First of all crispy freshness of white plain shirt. Calming, almost musky clean wave of aldehydes carrying behind a bouquet of sort of white flowers, which are soaked in an icing whiskey sour cocktail. As almost if an elegant lady is seating in a smoke room with a whiskey cocktail on rocks and the room is decorated in fading late summer bouquets. She is calm, respected and self - involved. She doesn’t care about what other people think of her. She knows her own value and sides of her character that make her personality outstanding.

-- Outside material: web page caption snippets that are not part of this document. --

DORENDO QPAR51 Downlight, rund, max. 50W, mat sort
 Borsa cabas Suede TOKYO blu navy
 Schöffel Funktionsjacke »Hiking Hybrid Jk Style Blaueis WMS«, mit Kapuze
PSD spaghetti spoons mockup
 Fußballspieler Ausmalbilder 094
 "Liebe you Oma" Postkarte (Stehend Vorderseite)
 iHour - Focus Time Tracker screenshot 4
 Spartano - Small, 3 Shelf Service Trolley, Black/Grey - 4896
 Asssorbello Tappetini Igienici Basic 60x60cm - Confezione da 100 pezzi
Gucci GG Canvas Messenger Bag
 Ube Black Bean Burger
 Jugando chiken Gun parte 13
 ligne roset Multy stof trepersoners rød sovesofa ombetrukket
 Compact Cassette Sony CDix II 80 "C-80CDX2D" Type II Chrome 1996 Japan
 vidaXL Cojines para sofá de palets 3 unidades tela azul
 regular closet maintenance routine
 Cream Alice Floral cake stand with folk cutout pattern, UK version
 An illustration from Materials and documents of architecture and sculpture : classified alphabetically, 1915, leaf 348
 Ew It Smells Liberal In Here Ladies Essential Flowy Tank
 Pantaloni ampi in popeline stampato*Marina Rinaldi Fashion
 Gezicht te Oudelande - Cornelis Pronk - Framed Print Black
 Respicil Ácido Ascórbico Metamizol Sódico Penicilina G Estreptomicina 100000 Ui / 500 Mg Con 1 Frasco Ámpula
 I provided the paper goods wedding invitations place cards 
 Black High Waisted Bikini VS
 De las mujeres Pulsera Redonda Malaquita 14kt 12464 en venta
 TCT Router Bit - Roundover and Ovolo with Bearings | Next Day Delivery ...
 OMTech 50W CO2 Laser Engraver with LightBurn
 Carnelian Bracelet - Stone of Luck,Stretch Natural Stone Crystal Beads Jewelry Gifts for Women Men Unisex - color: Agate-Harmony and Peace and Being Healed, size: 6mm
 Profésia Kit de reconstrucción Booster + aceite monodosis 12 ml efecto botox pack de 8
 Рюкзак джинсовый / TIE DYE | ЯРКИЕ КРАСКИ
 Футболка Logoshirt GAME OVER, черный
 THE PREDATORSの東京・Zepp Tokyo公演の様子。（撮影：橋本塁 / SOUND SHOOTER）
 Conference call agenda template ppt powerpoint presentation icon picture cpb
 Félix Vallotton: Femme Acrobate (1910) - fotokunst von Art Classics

After awhile, the loudness dials way down and it's almost a skin scent. But it lingers around you in a soft, luxurious cloud all day, and while you think only you can smell it, I assure you, others do get wafts from you and you will get compliments. I don't find it old, granny or outdated, because it is above time and fashions. When you feel class- less and unworthy, it showers you with love.
27th September 2023

Tendre Madeleine by Laurence Dumont

This is a departure from typical winter scents - it's not overtly warm nor is it cold. It falls somewhere in between, in this poetic little space that really speaks to you. Like winter by the sea. You imagine you're wearing something cozy, puffy and soft maybe a blanket on your shoulder while you're walking along a beach.

The sour burst of bergamot and bitter orange is eye-opening, it fizzes away into a salty and warm vanilla, the warmth comes from the thick almond/cinnamon mixture, which is playful yet cozy and comforting. In the end the vanilla meets a smooth sandalwood that is more sweet than woody. The scent hits like a drug, and temporarily wipes away all emotional and mental discomforts.
27th September 2023

Cool Water Woman Sea Rose by Davidoff

Cool water Sea Rose is very light as a feather, soft as cashmere, delicate as a whisper. The pear is beautiful & almost smells watery in a lush way. In fact, at first it's juicy, fresh and playful. Then it grows up a bit and it's truly floral.

The scent literally transports you to a beautiful, warm, delicately delicious place. Like a warm hug in a sunny day, when you just had a shower and your skin is still slightly wet. Performance is moderate to better on all counts.